Study published by UI engineering Ph.D. student estimates exposure to lead in drinking water across Iowa

According to a University of Iowa study published by the American Chemical Society, between 51,000 and 79,000 Iowans are at risk for lead exposure in drinking water that exceeds the threshold set by the U.S. Environmental Protection Agency. Amina Grant, a Ph.D. student studying civil and environmental engineering, was lead author on the study which examined now many Iowans may be consuming drinking water that has more lead than is allowed by the EPA’s Lead and Copper Rule (LCR).

“The EPA established the LCR in 1991, but that is only one way in which lead levels in drinking water are assessed,” said Grant. “There are much lower thresholds set by the World Health Organization, the U.S. Food and Drug Administration, and the American Academy of Pediatrics. We wanted to see how many Iowans may be exposed to lead at these levels.”
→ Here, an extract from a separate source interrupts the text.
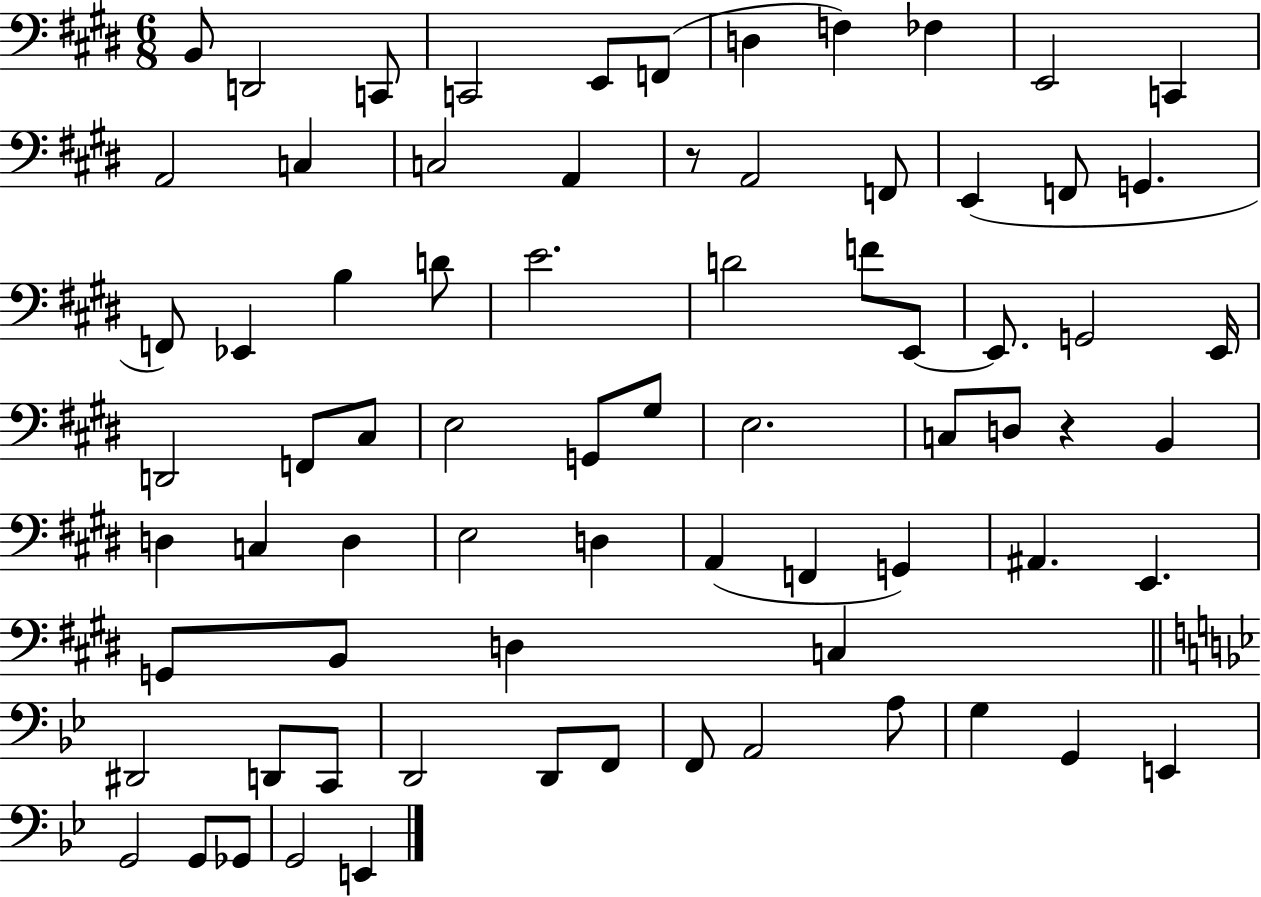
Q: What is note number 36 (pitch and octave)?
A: G2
As part of a class project, Grant developed a computer program that would gather data on drinking water lead levels from a publicly available database. The database contains entries from communities of various sizes from across the state of Iowa. Grant notes that 90% of Iowans receive public water, while the remaining 10% are on private wells.
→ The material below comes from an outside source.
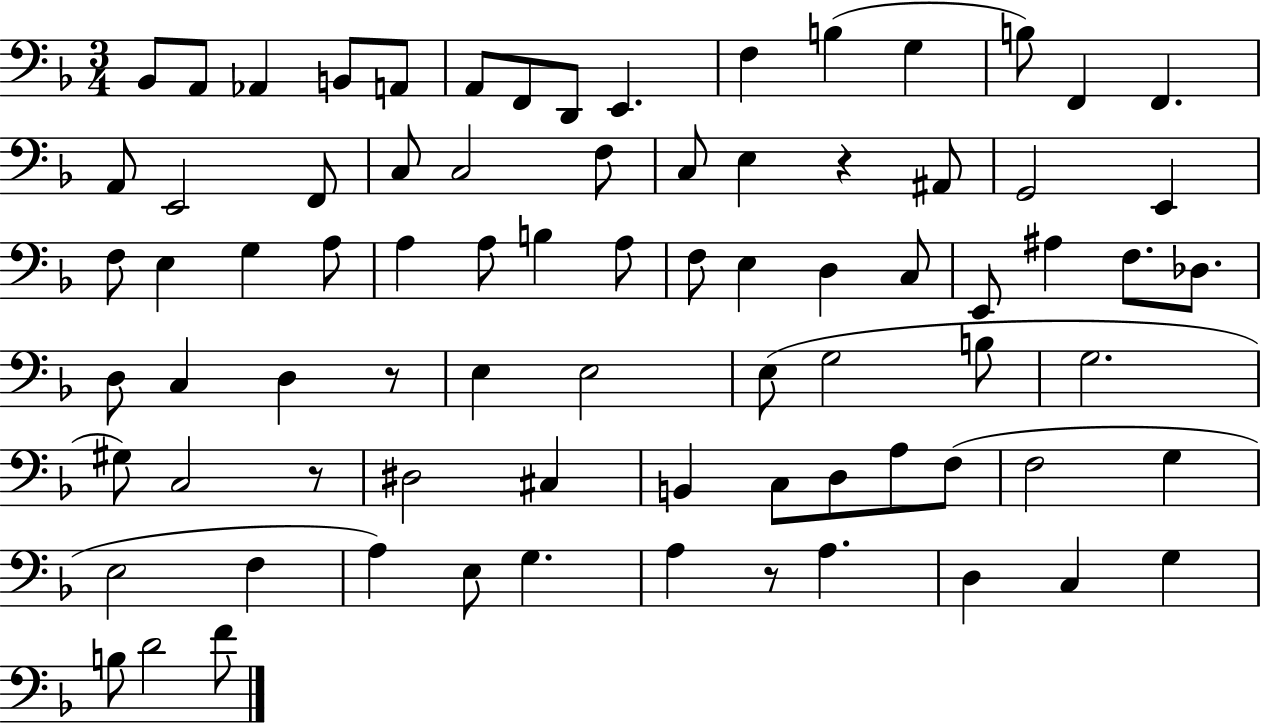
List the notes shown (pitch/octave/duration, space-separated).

Bb2/e A2/e Ab2/q B2/e A2/e A2/e F2/e D2/e E2/q. F3/q B3/q G3/q B3/e F2/q F2/q. A2/e E2/h F2/e C3/e C3/h F3/e C3/e E3/q R/q A#2/e G2/h E2/q F3/e E3/q G3/q A3/e A3/q A3/e B3/q A3/e F3/e E3/q D3/q C3/e E2/e A#3/q F3/e. Db3/e. D3/e C3/q D3/q R/e E3/q E3/h E3/e G3/h B3/e G3/h. G#3/e C3/h R/e D#3/h C#3/q B2/q C3/e D3/e A3/e F3/e F3/h G3/q E3/h F3/q A3/q E3/e G3/q. A3/q R/e A3/q. D3/q C3/q G3/q B3/e D4/h F4/e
Grant’s advisor, Michelle Scherer, the Donald E. Bently Professor of Engineering in the Department of Civil and Environmental Engineering and a co-author on the study, says it is somewhat surprising that these kind of estimates haven't been done before. "The long-term benefit of Amina's work is that it lays out a simple, but rigorous way to get a handle on the potential extent of lead in public drinking water,” said Scherer who added that “it would be very useful to use this kind of approach in other states to map out the extent nationwide.” Scherer cautions, however, that Amina's worked looked only at public water. "No regulations are currently in place for private well water and drinking water in school and we need to do more to assess the extent of lead in these drinking water sources as well." 

“While we have been lucky to not have major lead-in-water crises in Iowa, the genesis of our work was our observation that several small water utilities in Iowa had exceeded the 15 ppb LCR action level. Amina’s study highlights that a small percentage of homes are sampled for lead. We encourage anyone with an older home or young kids to get their water tested for lead,” adds Drew Latta, a research scientist in IIHR-Hydroscience and Engineering and a co-author of the study.

The lead levels established by the EPA represent a utility-centric approach, and Grant and her team believe that their findings make the case for developing a more consumer-centric approach to lead in drinking water policies. For Grant, the EPA’s trigger for actions, lead levels that exceed 15 parts per billion, may not be the best standard to protect Iowans.

“Unlike other metals, lead offers no health value and can have detrimental effects such as increasing blood pressure and damaging brain development in children,” said Grant. “If we assessed risk at lower levels of lead in drinking water, we could better protect Iowans and mitigate the negative impacts on public health.”